## Fraud Tutorial - Dataset Creation

In this notebook, we will create the actual dataset that we will train our model on. In particular, we will:
1. Select the features we want to train our model on.
2. Specify how the features should be preprocessed.
3. Create a dataset split for training and validation data.

In [1]:
import hsfs

conn = hsfs.connection()
fs = conn.get_feature_store()

Connected. Call `.close()` to terminate connection gracefully.


### Feature Selection

We start by selecting all the features we want to include for model training/inference.

In [2]:
# Load feature groups.
trans_fg = fs.get_feature_group("transactions")
trans_4h_aggs_fg = fs.get_feature_group("transactions_4h_aggs")
trans_add_info_fg = fs.get_feature_group("transactions_add_info")

# Select features for training data.
ds_query = trans_fg.select(["category", "amount", "fraud_label"])\
    .join(trans_4h_aggs_fg.select_except(["tid"]), on="tid")\
    .join(trans_add_info_fg.select_except(["tid"]), on="tid")

ds_query.show(5)



Unnamed: 0,fg2.category,fg2.amount,fg2.fraud_label,fg0.trans_volume_mavg,fg0.trans_volume_mstd,fg0.trans_freq,fg0.loc_delta,fg0.loc_delta_mavg,fg1.age_at_transaction,fg1.days_until_card_expires
0,Health/Beauty,50.49,0,50.49,0.0,1.0,0.199013,0.199013,93.52782,1561.665197
1,Restaurant/Cafeteria,1.56,0,6.69,7.254916,2.0,0.201949,0.117487,37.868375,1020.860197
2,Health/Beauty,78.7,0,78.7,0.0,1.0,0.090711,0.090711,18.028501,1024.225127
3,Grocery,77.75,0,77.75,0.0,1.0,0.128094,0.128094,58.379903,1720.178391
4,Grocery,18.76,0,39.72,29.641916,2.0,0.606323,0.394127,35.957443,-336.186377


Recall that we computed the aggregate features in `transactions_4h_aggs` using 4-hour windows. If we wanted to experiment with other window lengths, e.g. 24 hours, we could easily create a separate feature group for that with the same schema as `transactions_4h_aggs` and include that in the join. To prevent feature name clash we would need to include a prefix argument in the join:

```python
    ds_query = ds_query.join(trans_24h_aggs_fg.select_except(["tid"]), on="tid", prefix="24h")
```

This illustrates yet another usage of features groups, namely that they can be used to namespace features. 

### Transformation Functions

We will preprocess our data using *min-max scaling* on numerical features and *one-hot encoding* on categorical features. To do this we simply define a mapping between our features and transformation functions. This ensures that transformation functions such as *min-max scaling* are fitted only on the training data (and not the validation/test data), which ensures that there is no data leakage.

In [None]:
# Load transformation functions.
min_max_scaler = fs.get_transformation_function(name="min_max_scaler")
label_encoder = fs.get_transformation_function(name="label_encoder")

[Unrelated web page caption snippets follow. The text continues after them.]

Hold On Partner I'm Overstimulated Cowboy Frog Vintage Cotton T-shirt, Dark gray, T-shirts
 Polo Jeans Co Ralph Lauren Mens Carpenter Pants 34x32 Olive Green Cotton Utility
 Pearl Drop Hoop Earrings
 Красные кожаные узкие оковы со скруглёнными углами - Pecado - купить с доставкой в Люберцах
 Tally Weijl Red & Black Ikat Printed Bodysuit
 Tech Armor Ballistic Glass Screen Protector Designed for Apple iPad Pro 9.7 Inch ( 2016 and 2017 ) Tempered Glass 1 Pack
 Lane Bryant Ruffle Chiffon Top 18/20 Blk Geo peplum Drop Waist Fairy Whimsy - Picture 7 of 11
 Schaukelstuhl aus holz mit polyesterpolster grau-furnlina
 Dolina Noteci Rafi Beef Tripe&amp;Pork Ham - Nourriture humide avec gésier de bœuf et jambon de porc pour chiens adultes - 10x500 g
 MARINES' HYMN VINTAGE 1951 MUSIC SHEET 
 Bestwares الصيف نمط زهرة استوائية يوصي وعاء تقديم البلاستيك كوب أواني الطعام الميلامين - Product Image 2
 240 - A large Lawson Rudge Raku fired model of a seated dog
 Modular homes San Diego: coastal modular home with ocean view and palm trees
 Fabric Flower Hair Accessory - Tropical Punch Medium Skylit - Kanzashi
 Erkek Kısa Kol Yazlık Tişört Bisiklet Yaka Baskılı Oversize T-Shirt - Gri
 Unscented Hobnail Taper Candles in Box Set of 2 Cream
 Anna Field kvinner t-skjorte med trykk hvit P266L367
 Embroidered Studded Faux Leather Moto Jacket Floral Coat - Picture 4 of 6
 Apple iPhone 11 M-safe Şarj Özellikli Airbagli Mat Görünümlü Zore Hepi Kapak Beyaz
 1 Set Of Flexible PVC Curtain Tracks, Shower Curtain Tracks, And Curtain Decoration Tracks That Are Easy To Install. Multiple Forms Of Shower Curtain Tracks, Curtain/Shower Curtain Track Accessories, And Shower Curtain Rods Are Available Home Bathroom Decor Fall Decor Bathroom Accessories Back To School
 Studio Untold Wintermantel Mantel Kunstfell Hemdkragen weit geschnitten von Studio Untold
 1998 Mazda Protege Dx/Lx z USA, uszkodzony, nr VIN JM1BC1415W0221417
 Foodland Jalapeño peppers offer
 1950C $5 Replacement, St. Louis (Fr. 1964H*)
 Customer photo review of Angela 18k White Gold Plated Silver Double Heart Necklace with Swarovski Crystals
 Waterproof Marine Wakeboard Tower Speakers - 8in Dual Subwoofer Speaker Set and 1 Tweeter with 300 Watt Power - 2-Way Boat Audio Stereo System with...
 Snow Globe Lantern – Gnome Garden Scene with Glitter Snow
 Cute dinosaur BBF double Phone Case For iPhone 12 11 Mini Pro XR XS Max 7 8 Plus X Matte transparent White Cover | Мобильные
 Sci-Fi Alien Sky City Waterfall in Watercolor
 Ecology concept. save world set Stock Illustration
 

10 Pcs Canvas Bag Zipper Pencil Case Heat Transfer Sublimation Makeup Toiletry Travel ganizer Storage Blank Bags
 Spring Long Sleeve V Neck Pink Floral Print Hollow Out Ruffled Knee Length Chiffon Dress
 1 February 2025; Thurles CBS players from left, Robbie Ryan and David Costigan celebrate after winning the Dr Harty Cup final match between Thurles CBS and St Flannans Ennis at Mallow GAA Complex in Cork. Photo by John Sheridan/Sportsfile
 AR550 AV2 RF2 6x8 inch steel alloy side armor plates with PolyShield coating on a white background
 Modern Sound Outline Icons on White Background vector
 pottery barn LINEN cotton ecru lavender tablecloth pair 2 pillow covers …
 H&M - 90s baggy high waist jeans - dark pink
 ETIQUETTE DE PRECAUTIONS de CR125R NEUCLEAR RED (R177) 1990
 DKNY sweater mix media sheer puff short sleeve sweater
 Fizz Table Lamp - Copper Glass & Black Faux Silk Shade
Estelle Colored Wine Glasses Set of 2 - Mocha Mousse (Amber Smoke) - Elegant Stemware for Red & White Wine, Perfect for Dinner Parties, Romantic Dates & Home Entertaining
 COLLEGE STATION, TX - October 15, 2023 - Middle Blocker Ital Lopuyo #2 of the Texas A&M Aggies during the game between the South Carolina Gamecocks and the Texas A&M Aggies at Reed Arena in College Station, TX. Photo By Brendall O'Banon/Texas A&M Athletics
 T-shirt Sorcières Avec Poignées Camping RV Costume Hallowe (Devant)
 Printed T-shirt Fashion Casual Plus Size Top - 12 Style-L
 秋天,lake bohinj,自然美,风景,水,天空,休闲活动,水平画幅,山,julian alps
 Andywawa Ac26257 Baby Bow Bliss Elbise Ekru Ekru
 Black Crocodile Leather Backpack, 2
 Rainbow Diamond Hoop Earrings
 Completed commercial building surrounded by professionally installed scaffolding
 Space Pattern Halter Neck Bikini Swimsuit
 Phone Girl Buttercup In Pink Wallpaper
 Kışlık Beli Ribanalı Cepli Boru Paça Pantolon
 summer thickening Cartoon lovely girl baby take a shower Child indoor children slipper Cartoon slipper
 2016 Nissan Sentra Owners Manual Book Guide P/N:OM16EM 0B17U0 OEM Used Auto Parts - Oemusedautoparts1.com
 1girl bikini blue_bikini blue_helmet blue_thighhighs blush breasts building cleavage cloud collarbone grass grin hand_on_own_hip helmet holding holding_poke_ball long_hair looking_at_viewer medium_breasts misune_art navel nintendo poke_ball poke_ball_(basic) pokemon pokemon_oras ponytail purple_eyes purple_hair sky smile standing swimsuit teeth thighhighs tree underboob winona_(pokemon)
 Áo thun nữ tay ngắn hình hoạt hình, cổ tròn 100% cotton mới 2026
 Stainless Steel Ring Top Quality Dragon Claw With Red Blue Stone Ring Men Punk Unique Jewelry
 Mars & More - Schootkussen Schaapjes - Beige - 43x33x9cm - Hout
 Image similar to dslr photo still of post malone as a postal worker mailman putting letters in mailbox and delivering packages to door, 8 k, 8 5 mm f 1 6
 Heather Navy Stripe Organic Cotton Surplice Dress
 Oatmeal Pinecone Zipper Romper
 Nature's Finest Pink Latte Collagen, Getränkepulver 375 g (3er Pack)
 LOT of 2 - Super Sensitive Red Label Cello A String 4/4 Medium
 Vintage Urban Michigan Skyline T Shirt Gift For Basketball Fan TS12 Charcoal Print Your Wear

# Map features to transformations.
transformation_functions = {
    "category": label_encoder,
    "amount": min_max_scaler,
    "trans_volume_mavg": min_max_scaler,
    "trans_volume_mstd": min_max_scaler,
    "trans_freq": min_max_scaler,
    "loc_delta": min_max_scaler,
    "loc_delta_mavg": min_max_scaler,
    "age_at_transaction": min_max_scaler,
    "days_until_card_expires": min_max_scaler,
}

#### Dataset Creation

Finally we create the dataset using `fs.create_training_dataset()`.

In [None]:
# TODO add chronological split here.
td = fs.create_training_dataset(
    name="transactions_dataset_splitted",
    label=["fraud_label"],
    data_format="csv",
    transformation_functions=transformation_functions,
    splits={'train': 70, 'validation': 30},
    train_split="train"
)

# We can save the dataset using the query alone.
td.save(ds_query)

We can sanity check that the transformation functions have been applied by loading the training and validation data.

In [3]:
td.read("train")

NameError: name 'td' is not defined

In [None]:
td.read("validation")

### Next Steps

In the next notebook, we will train a model on the dataset we created in this notebook.